THE PRESIDENT: OK, you ready Sergeant?

FREEDOM®-FIGHTER: Sir, yes sir!

THE PRESIDENT: Then let's roll!

FREEDOM®-FIGHTER: Sir, yes sir!

[Begin Jogging.]

THE PRESIDENT: Well I'll be damned. You really can run on them little boomerang things!

FREEDOM®-FIGHTER: Sir, yes sir!

THE PRESIDENT: That is really cool, Sergeant. I can't believe how you don't even need to put shoes on them. It must be nice not to have to buy new sneakers anymore.

FREEDOM®-FIGHTER: Sir, yes sir!

THE PRESIDENT: Hey, remember that day we met in the hospital? The day you asked me if I'd go jogging with you? And I said yes?

FREEDOM®-FIGHTER: Sir, yes sir!

THE PRESIDENT: Well I gotta admit, I figured that was just another one of my bullshit empty promises. There were cameras in the room with us, after all. I mean, here you were, all freshly stumpy, talking about running? I bit my tongue so hard to keep from laughing, I was lisping like a fairy for almost a week. You know what I mean?

FREEDOM®-FIGHTER: Sir, yes sir!

THE PRESIDENT: Of course, when they told me this photo op was actually going to happen, I was pretty pissed at first. I mean, look at my big fat ass and beer belly these days; do I look like someone who still jogs? I can't. My knees are totally shot. But Karl assured me that yours are too, so it wouldn't matter.

Hey, watch out for that lump of Barney fudge over there.

FREEDOM®-FIGHTER: Sir, yes sir!

THE PRESIDENT: Man, how cool is this for you? You're actually running on the White House lawn with me! You're like, officially historicalistic now.

FREEDOM®-FIGHTER: Sir, yes sir!

THE PRESIDENT: I'll bet this one half hour makes all the excruciatingly pain of a severe trauma injury worth it – not to mention the months of intensive care and getting to spend the rest of your life teetering around on those robo-pogo stick things.
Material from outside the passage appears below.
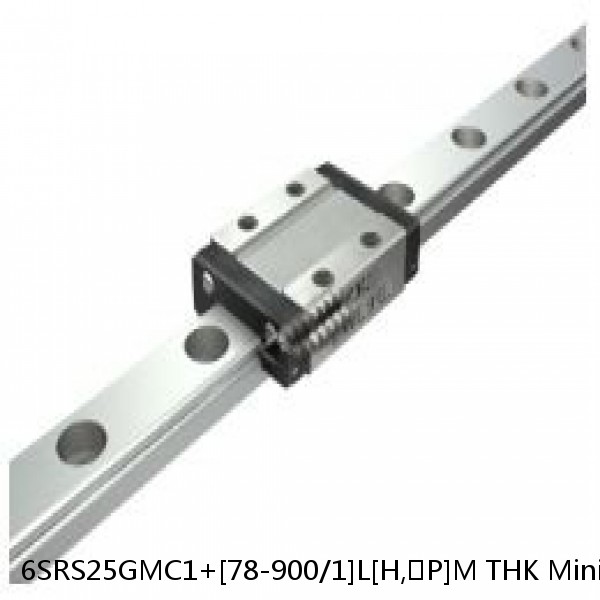 6SRS25GMC1+[78-900/1]L[H,​P]M THK Miniature Linear Guide Full Ball SRS-G Accuracy and Preload Selectable
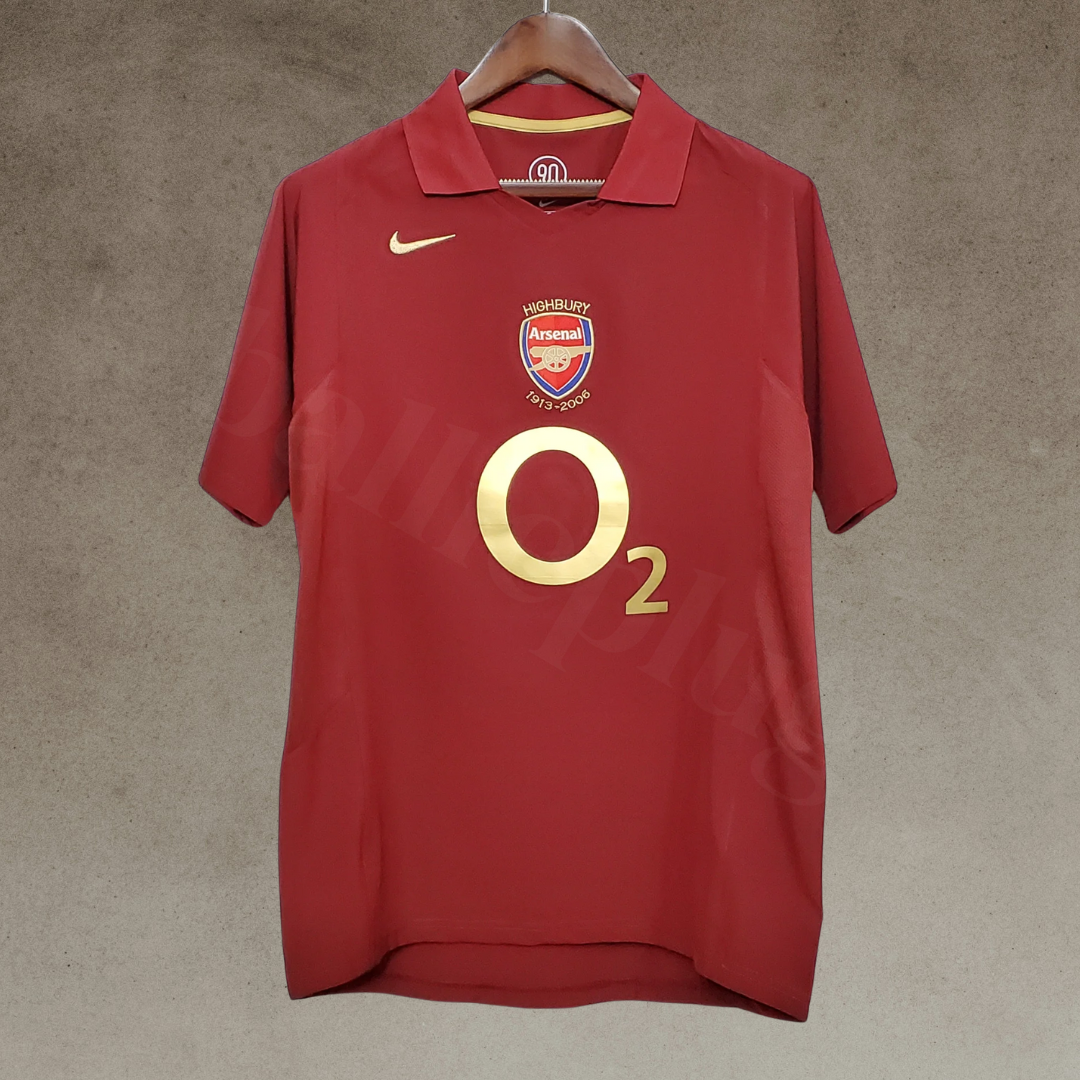 Arsenal Home 2005-2006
Am I right or what?

FREEDOM®-FIGHTER: Sir, yes sir!

THE PRESIDENT: Hey, can I ask you a question about the military?

FREEDOM®-FIGHTER: Sir, yes sir!

THE PRESIDENT: So after everything that has gone down in Vietraq: there being no WMDs, no connection to 9/11TM, no post-invasion plan, no exit strategy, and tons of you getting killed and having your limbs blown off... most grunts still love me, right?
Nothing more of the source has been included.